Klatskin-Sutker Discovery Fund award supports development of novel antivirals at the LSI

In early 2020, many scientists at the University of Michigan Life Sciences Institute quickly launched new projects to improve understanding of the fundamental mechanisms underlying SARS-CoV-2 infection.

One of those new research projects is now advancing a novel approach to developing antivirals against SARS-CoV-2, with support from the LSI’s Klatskin-Sutker Discovery Fund.

Although vaccines to prevent severe COVID-19 infection are beginning to roll out, it will remain important to develop treatments for those infections that do occur. Many therapeutic approaches have focused on interactions between spike proteins on the surface of the viral particle and a receptor protein on the surface of human cells. This receptor protein, called ACE2 (short for “angiotensin-converting enzyme 2”), provides an entry point where the virus can latch onto and begin infecting human cells.

But LSI faculty member Anna Mapp, Ph.D., is interested in another protein-protein interaction that may have more far-reaching therapeutic effects: the virus's interaction with transmembrane protease, serine 2 (or TMPRSS2). The virus relies on this human protein to prime its spike protein before it can bind to ACE2. Previous research has found that TMPRSS2 can strongly promote viral infection, and mice that lack this protein were resistant to a variety of coronaviruses, not just the virus that causes COVID-19.

“An inhibitor that blocks TMPRSS2 effectively could be broadly useful against viral infection,” Mapp explains. “But the only existing inhibitors are not attractive therapeutic options because they are not selective enough to efficiently block TMPRSS2 without affecting other serine proteases.” 

With Klatskin-Sutker funds, Mapp will apply her expertise in targeting challenging protein-protein interactions to investigate new options for interrupting the activity of TMPRSS2 — with the hope of ultimately blocking infection not only by SARS-CoV-2 but other coronaviruses as well. This is a collaborative effort with U-M professors Charles L. Brooks III, Ph.D., Matthew Soellner, Ph.D. and Corey Stephenson, Ph.D.

As one approach, the team is searching for new locations to target on the TMPRSS2 molecule, other than the protein’s main active site. Such so-called allosteric sites often offer pathways to disrupt protein activity specifically on a single target and to avoid activity on related proteins.

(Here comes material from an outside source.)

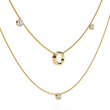 Layered Open Circle Bezel Moissanite Diamond Double Necklace - View 4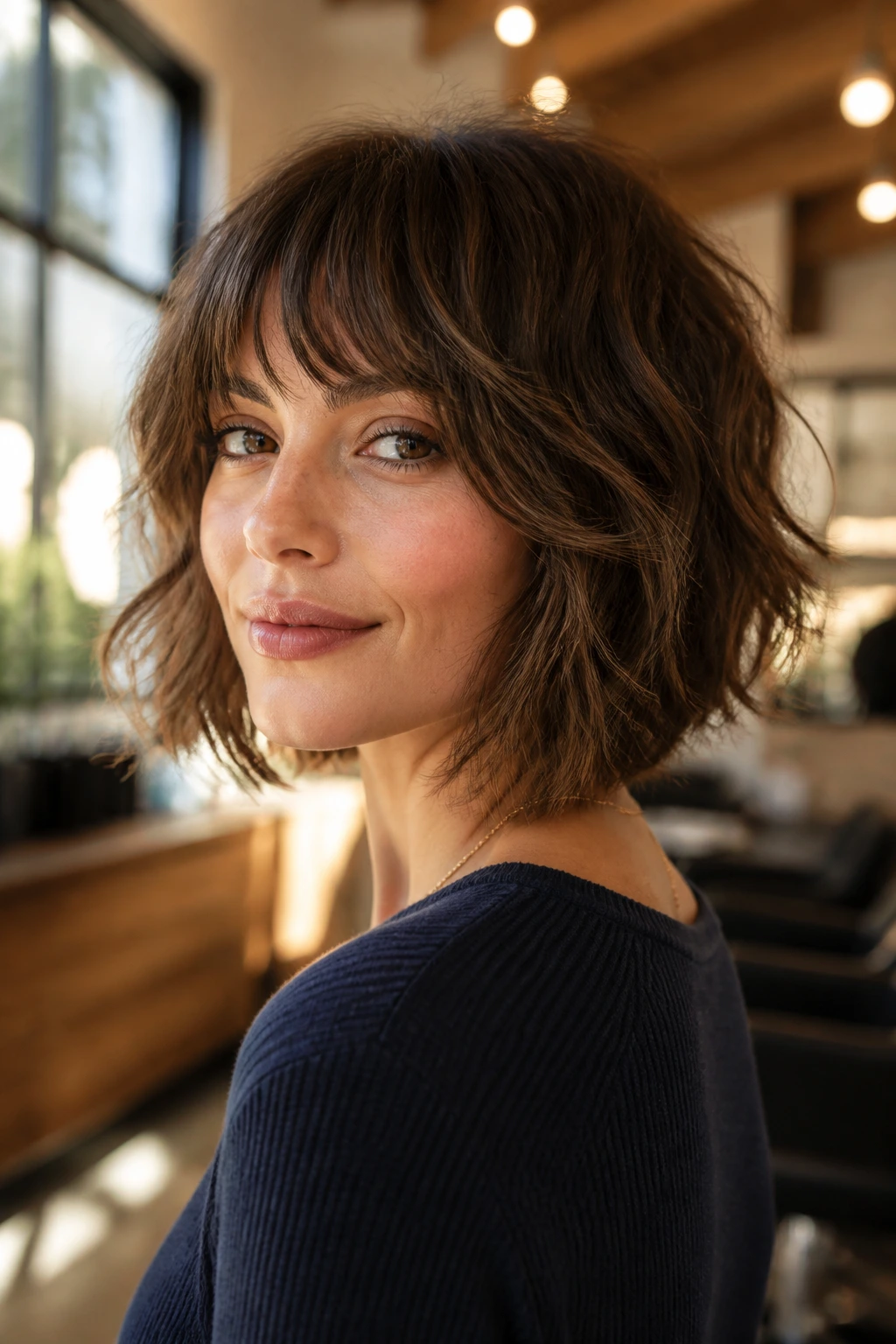 Close-up portrait of brunette with shaggy bob and soft bangs in warm salon light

This project represents the power of philanthropy to advance creative, high-impact research.
LSI Director Roger Cone, Ph.D.

The Klatskin-Sutker Discovery Fund was established through a generous gift from the Klatskin and Sutker families to support this type of creative research that has potential for high impact on human health.

“The goal of this fund has always been to support research that pushes scientific boundaries in ways that could ultimately improve human health,” says Deborah Klatskin. “Given the innumerable challenges that the COVID-19 pandemic has presented, we were thrilled to be able to support Dr. Mapp’s innovative approach to developing antivirals that could potentially fight this and other viruses.”   

“This project represents the power of philanthropy to advance creative, high-impact research,” adds LSI Director Roger Cone, Ph.D. “The funding provided flexibility that enabled our researchers to quickly apply their basic science expertise to an emerging, enormously important scientific problem.”

Mapp is also the Associate Dean for Academic Programs and Initiatives at the U-M Rackham Graduate School and the Edwin Vedejs Colligate Professor of Chemistry in the College of Literature, Arts, and Sciences. Her multidisciplinary lab at the LSI applies the tools of synthetic organic chemistry, biochemistry and molecular biology to better understand how genes are regulated.